Institut de Neurosciences de La Timone, UMR 7289, CNRS and Université Aix-Marseille, Marseille, France.
Department of Cognitive Neuroscience, Faculty of Psychology and Neuroscience, Maastricht University, Maastricht, the Netherlands.
Nat Neurosci. 2023 Apr;26(4):664-672. doi: 10.1038/s41593-023-01285-9. Epub 2023 Mar 16.
Recognizing sounds implicates the cerebral transformation of input waveforms into semantic representations.
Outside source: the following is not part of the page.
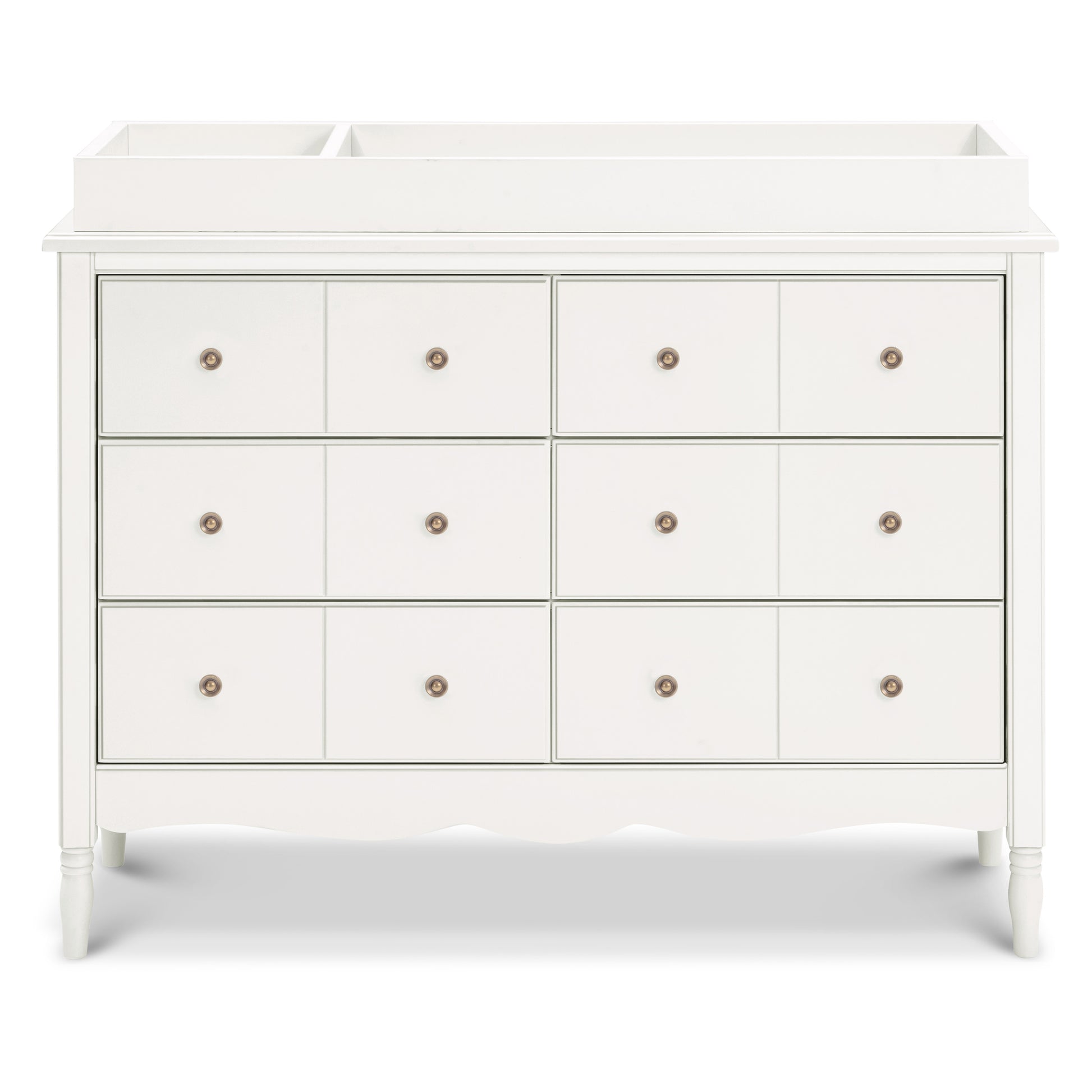 M7116RW,Namesake,Liberty 6-Drawer Assembled Dresser in Warm White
Although past research identified the superior temporal gyrus (STG) as a crucial cortical region, the computational fingerprint of these cerebral transformations remains poorly characterized. Here, we exploit a model comparison framework and contrasted the ability of acoustic, semantic (continuous and categorical) and sound-to-event deep neural network representation models to predict perceived sound dissimilarity and 7 T human auditory cortex functional magnetic resonance imaging responses. We confirm that spectrotemporal modulations predict early auditory cortex (Heschl's gyrus) responses, and that auditory dimensions (for example, loudness, periodicity) predict STG responses and perceived dissimilarity. Sound-to-event deep neural networks predict Heschl's gyrus responses similar to acoustic models but, notably, they outperform all competing models at predicting both STG responses and perceived dissimilarity. Our findings indicate that STG entails intermediate acoustic-to-semantic sound representations that neither acoustic nor semantic models can account for. These representations are compositional in nature and relevant to behavior.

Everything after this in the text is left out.